I started my weekend before Christmas with a disturbing night of my heart trying to pound its way out of my chest, bringing with it images of me going to the ER, and trying to convince them I didn’t want to die, I wanted them to find out what was wrong but things just kept going wrong. I tossed a little and my heart settled down briefly before it would start again. I overslept, afraid to get out of bed. Dressed in a dress that I used to wear to church and collapsed on the couch. I was supposed to do so many things in preparation for the Holiday but I was torn between doing what I was supposed to do or go to the ER and get checked out. To be cautious I took my pills, the blood pressure and anti-anxiety and anti-depressant. It alleviated some, but I swear to you my chest was sore, and I wasn’t breathing deeply (although when I wanted to I could) I was sure I was going to die.
For someone who has the odd insensibility to take a serrated blade diagonally across my left wrist, dying of something I couldn’t control would be a blessing of sorts….right? I realized I didn’t want to die. I have been having too many ideas for books and things that I can do with my limited funds and time. I was convinced in my terror that I was going to die.
When my sister came home with Mom and Mom had to run to the bathroom we had a few minutes alone. I expressed to her my fear and then the floodgates broke and I cried. I didn’t want to, I wanted to keep everything in. Keeping everything in isn’t always the best way and just the brief amount of time I cried on her shoulder did a world of good. I still felt frail and I wasn’t keen on the idea of driving to San Francisco and having an anxiety attack in the car or in my friend’s car or anywhere actually. I missed church the next day, again afraid that I wouldn’t be able to not break down again. I used the excuse that I didn’t have appropriate clothes, but we all know Heavenly Father loves us if we wear the wrong clothes to church, but I didn’t want to get out of my bed.

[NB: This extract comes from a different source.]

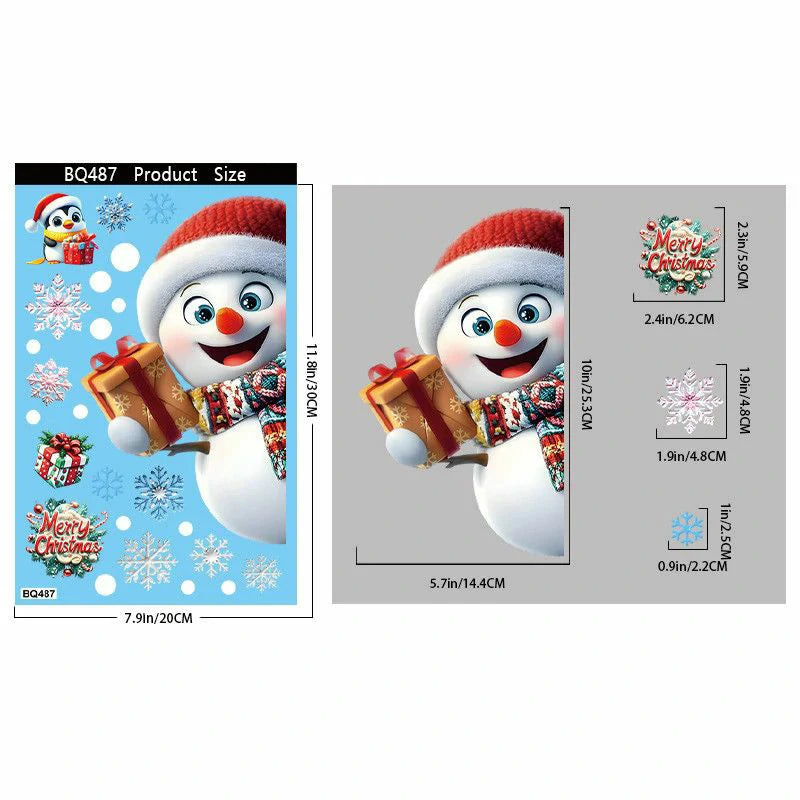 Christmas Window Clings – Reusable Static Stickers for Glass Door & Shop Window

I survived the Christmas festivities with the family on Christmas Eve, and then the Dr. Who Christmas Special with friends on Christmas evening. I’m back a work now, able to be back on my schedule of shots and pills and knowing that things will be okay if I just stay stalwart on that path. I need to meditate. I need to find things for myself. Mom can join me, but I won’t pay for her and I won’t stay home unless she asks me. I don’t ever want to be overwhelmed by Anxiety like that again. It wasn’t a needful Christmas present.